Renowned music producer and DJ David Guetta has spoken out about the role he believes AI will play in the future of music. Guetta, who has been a fixture in the music industry for over three decades, predicts that AI will have a significant impact on the creation and distribution of music in the years to come. Saying in part, “I’m sure the future of music is in AI. For sure. There’s no doubt. But as a tool.”
In an interview with BBC News, Guetta explained that he believes AI will make it easier for artists to create music, especially for those who do not have traditional music training.
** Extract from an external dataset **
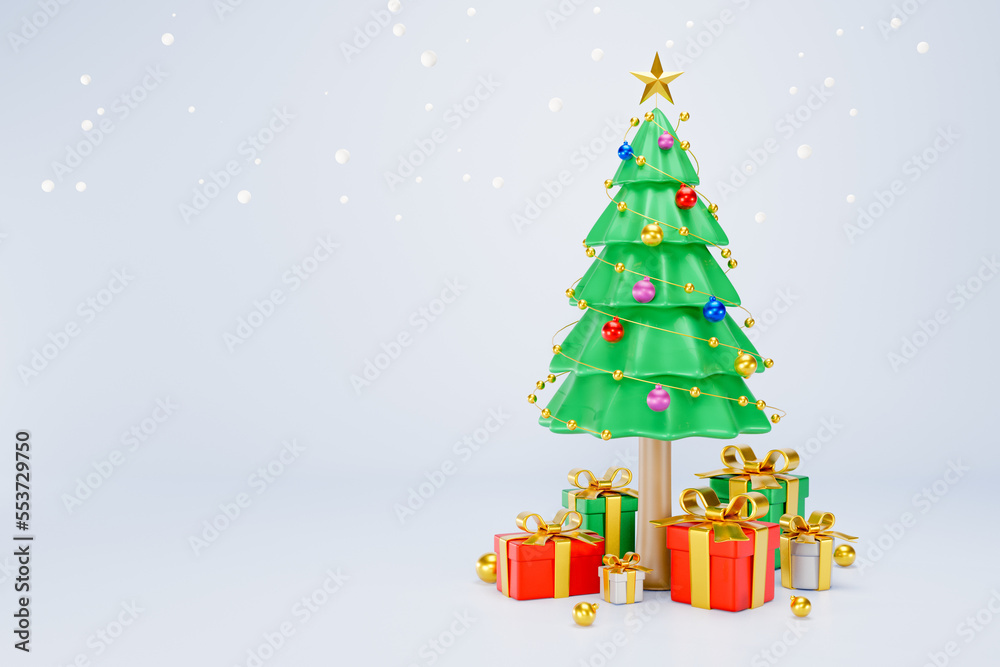 3D Rendering. Celebration concept. The magnificent Christmas tree has many decorations and gift boxes 3d. a festival of boxes of presents. Merry Christmas, Marry New Year, Xmas. Free space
He noted that many musicians struggle with the technical aspects of music production, such as sound design and engineering, and that AI could help to remove some of these barriers. Though AI can help with technical aspects, there are other areas that individual musicians must develop on their own. He made that point by also stating, “Nothing is going to replace taste…What defines an artist is, you have a certain taste, you have a certain type of emotion you want to express, and you’re going to use all the modern instruments to do that.”
The use of AI in music production and distribution is not a new concept. In recent years, we have seen an increasing number of artists and music companies experimenting with AI technology. For example, the Grammy-winning music group The Black Eyed Peas used AI to compose their 2020 album “Translation,” which features collaborations with a number of international artists. The album was created using an AI program called AIVA (Artificial Intelligence Virtual Artist).
The DJ used deepfake technology to create an original voiceover for a live audience from rapper Eminem. In the Twitter clip, you hear the Detroit native’s voice though it was originally created using tools you can find online. Guetta, in the same clip, goes into a bit of detail that you can see below:
Let me introduce you to… Emin-AI-em 👀 pic.twitter.com/48prbMIBtv
— David Guetta (@davidguetta) February 3, 2023
Though the musician was in disbelief at how well the deepfake turned out, he told the BBC he hoped that it would help to open a conversation about AI and its possible implications for music’s future. He also said, “It’s very funny, actually, because a lot of people are reacting. Some of them are like, ‘Oh, this is genius.’ Some of them are getting super mad at me, but I’m not going to release the record.”
Generative AI has not only made splashes in the labor market, but the creative worlds as well with both art and music. Though it’s unlikely that any tool will fully replace an artist or group, AI will likely become a silent partner for many in the near future.